I have three implementations of a function that checks whether a string (or a space delimited phrase) is a palindrome:
def palindrome(str_in):
def p(s, i, j):
if i >= j:
return True
elif s[i] != s[j]:
return False
else:
return p(s, i+1, j-1)
return p(str_in.replace(' ', '').lower(), 0, len(str_in)-1)
def palindrome1(s):
st = s.replace(' ', '').lower()
return st == st[::-1]
def palindrome2(s):
st = s.replace(' ', '').lower()
i, j = 0, len(st)-1
while i < j:
if st[i] != st[j]:
return False
else:
i += 1
j -= 1
return True
Now, I figured palindrome()
would be optimal in theory because no reversing and extra memory is taking place, but python does not have tail call optimization. palindrome2()
is the imperative version of palindrome()
but still takes much longer than palindrome1()
. Why is this?
Here is the profiled results (ran with: python -m cProfile file.py
):
12 function calls in 45.341 seconds
Ordered by: standard name
ncalls tottime percall cumtime percall filename:lineno(function)
1 0.232 0.232 45.341 45.341 file.py:1(<module>)
1 2.198 2.198 3.532 3.532 file.py:300(palindrome1)
1 39.442 39.442 40.734 40.734 file.py:304(palindrome2)

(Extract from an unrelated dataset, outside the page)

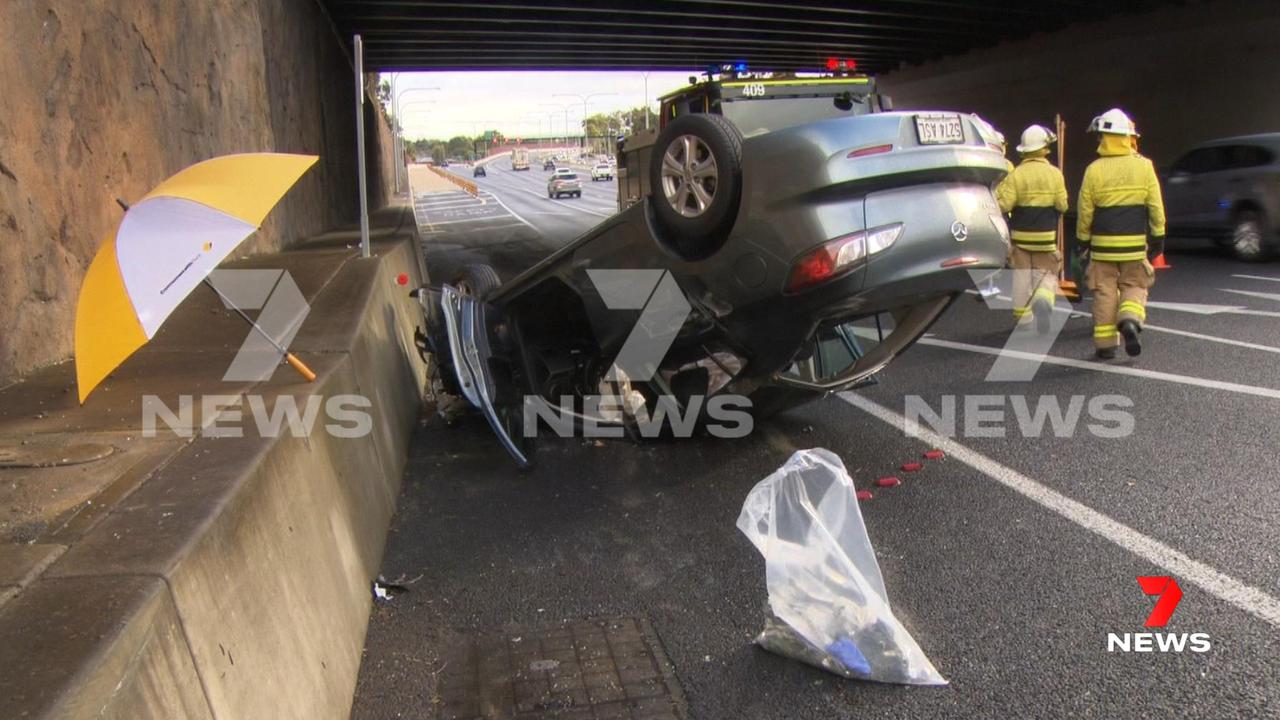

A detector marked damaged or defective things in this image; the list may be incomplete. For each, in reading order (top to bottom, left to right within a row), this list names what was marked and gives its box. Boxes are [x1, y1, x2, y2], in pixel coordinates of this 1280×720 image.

overturned grey mercedes [410, 71, 1008, 466]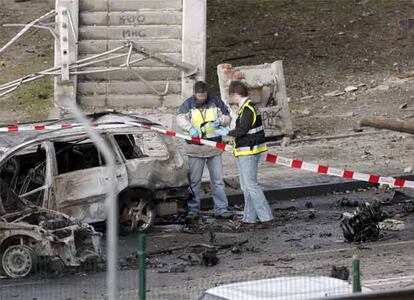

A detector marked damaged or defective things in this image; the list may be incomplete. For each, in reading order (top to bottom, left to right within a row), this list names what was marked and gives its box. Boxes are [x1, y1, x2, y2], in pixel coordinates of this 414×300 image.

burned-out car [0, 112, 188, 234]
charred car body [0, 113, 188, 278]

1 0.000 0.000 0.000 0.000 {len}
1 0.000 0.000 0.000 0.000 {method 'disable' of '_lsprof.Profiler' objects}
2 2.396 1.198 2.396 1.198 {method 'lower' of 'str' objects}
1 0.843 0.843 0.843 0.843 {method 'read' of 'file' objects}
2 0.231 0.115 0.231 0.115 {method 'replace' of 'str' objects}
1 0.000 0.000 0.000 0.000 {open}
1 0.000 0.000 0.000 0.000 {sys.setrecursionlimit}
Here is the profiled results(ran with: pypy -m cProfile hw2.py
):
11 function calls in 12.470 seconds
Ordered by: standard name
ncalls tottime percall cumtime percall filename:lineno(function)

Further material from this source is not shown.